The problem here is that versions are not working with 4.0.x. You get a stacktrace in the system.log and the metrics will load forever. I created a quick patch to make it work in #114.
actually same problem with casandra 4.1.3 in casssandra system logs there is error: WARN [prometheus-netty-pool-0] 2023-10-06 14:51:27,373 DefaultChannelPipeline.java:1152 - An exceptionCaught() event was fired, and it reached at the tail of the pipeline. It usually means the last handler in the pipeline did not handle the exception. java.nio.BufferOverflowException: null at java.nio.HeapByteBuffer.put(HeapByteBuffer.java:222) at com.zegelin.prometheus.exposition.NioExpositionSink.writeBytes(NioExpositionSink.java:27) at com.zegelin.prometheus.exposition.text.TextFormatMetricFamilyWriter$MetricVisitor.writeLabels(TextFormatMetricFamilyWriter.java:111) at com.zegelin.prometheus.exposition.text.TextFormatMetricFamilyWriter$MetricVisitor.writeLabelSets(TextFormatMetricFamilyWriter.java:129) at com.zegelin.prometheus.exposition.text.TextFormatMetricFamilyWriter$MetricVisitor.writeMetric(TextFormatMetricFamilyWriter.java:141) at com.zegelin.prometheus.exposition.text.TextFormatMetricFamilyWriter$MetricVisitor.lambda$visit$4(TextFormatMetricFamilyWriter.java:181) at com.zegelin.prometheus.exposition.text.TextFormatMetricFamilyWriter$MetricVisitor.lambda$metricW
some changes appeared, when i set rpc_address: 0.0.0.0 in cassandra.yaml, i get [root@l160c-cass-c6n1 ~]# wget localhost:9500/metrics --2023-10-06 17:07:10-- http://localhost:9500/metrics Resolving localhost (localhost)... ::1, 127.0.0.1 Connecting to localhost (localhost)|::1|:9500... failed: Connection refused. Connecting to localhost (localhost)|127.0.0.1|:9500... connected. HTTP request sent, awaiting response... 200 OK Length: unspecified [text/plain] Saving to: ‘metrics.1’

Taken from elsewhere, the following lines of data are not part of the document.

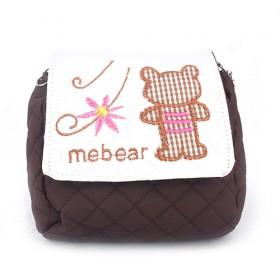 Brown And White Cartoon Bear Prints Tassel Lattice Double-layer Cosmetic Makeup Bags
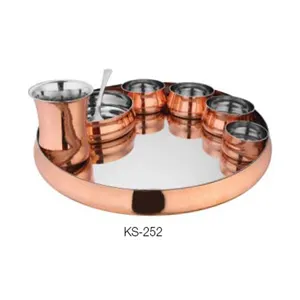 COPPER DINNER SET / COPPER THALI SET / DINNERWARE SET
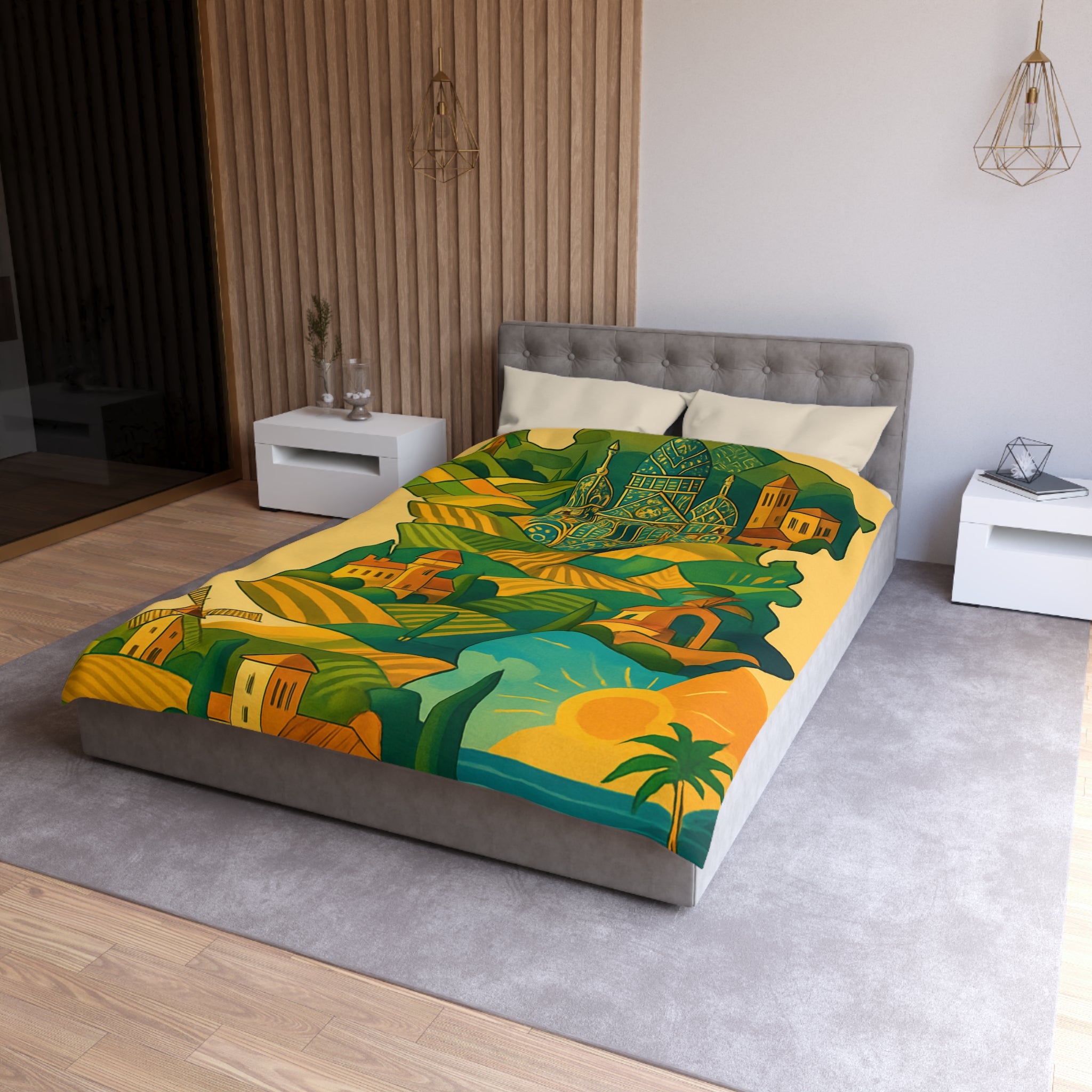 Housse de Couette Paysage France Vintage Coloré avec Monuments, Champs et Soleil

metrics.1 [ <=> ] 0 --.-KB/s in 0s
2023-10-06 17:07:10 (0.00 B/s) - Read error at byte 0 (Success).Retrying.
--2023-10-06 17:07:11-- (try: 2) http://localhost:9500/metrics Connecting to localhost (localhost)|127.0.0.1|:9500... connected. HTTP request sent, awaiting response... 200 OK Length: unspecified [text/plain] Saving to: ‘metrics.1’
metrics.1 some progress, but metrics still not available
The release from edgelaborities has fixed the issue for me. (AFAIK because they just merged https://github.com/instaclustr/cassandra-exporter/pull/84) See also https://github.com/instaclustr/cassandra-exporter/issues/83.
as workaround, cassandra exporter started to work when table metrics were disabled JVM_OPTS="$JVM_OPTS -javaagent:/usr/share/cassandra/lib/cassandra-exporter-agent-0.9.14.jar=--table-metrics=NONE" maybe root couse might be related that we have lots of tables - hundrets of them.
Hi, tried replace 0.9.10 cassandra exporter agent with nwly released 0.9.12 exporter version. Dont see any difference - metrics still "loading" for ages and do not open - just like in previous version of exporter.